Record set >>
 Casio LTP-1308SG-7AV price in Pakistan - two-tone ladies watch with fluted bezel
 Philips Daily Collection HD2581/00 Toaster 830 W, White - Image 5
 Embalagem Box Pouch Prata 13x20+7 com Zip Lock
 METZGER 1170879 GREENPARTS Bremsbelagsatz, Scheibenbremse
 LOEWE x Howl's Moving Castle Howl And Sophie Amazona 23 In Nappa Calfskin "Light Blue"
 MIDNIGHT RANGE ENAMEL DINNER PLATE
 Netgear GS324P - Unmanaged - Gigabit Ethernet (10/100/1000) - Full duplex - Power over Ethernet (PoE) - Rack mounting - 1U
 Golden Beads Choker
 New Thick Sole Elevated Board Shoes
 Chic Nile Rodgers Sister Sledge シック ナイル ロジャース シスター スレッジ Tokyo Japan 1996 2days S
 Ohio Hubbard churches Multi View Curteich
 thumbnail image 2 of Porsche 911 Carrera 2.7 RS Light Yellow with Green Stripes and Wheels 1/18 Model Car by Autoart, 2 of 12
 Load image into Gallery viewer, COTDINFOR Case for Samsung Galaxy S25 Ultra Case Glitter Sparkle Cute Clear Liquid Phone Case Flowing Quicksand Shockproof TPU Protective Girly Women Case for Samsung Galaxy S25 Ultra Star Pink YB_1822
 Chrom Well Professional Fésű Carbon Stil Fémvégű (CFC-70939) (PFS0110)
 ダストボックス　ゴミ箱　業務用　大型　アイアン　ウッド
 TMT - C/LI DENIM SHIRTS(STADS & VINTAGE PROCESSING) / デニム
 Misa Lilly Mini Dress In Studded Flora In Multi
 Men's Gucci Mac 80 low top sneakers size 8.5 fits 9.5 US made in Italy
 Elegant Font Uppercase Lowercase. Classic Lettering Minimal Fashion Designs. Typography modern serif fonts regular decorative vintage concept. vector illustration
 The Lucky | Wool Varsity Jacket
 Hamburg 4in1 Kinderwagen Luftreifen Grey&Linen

Exercise >>
Count every line of the records that holds the string "Multi". Write only the total.

Result for this exercise >>
2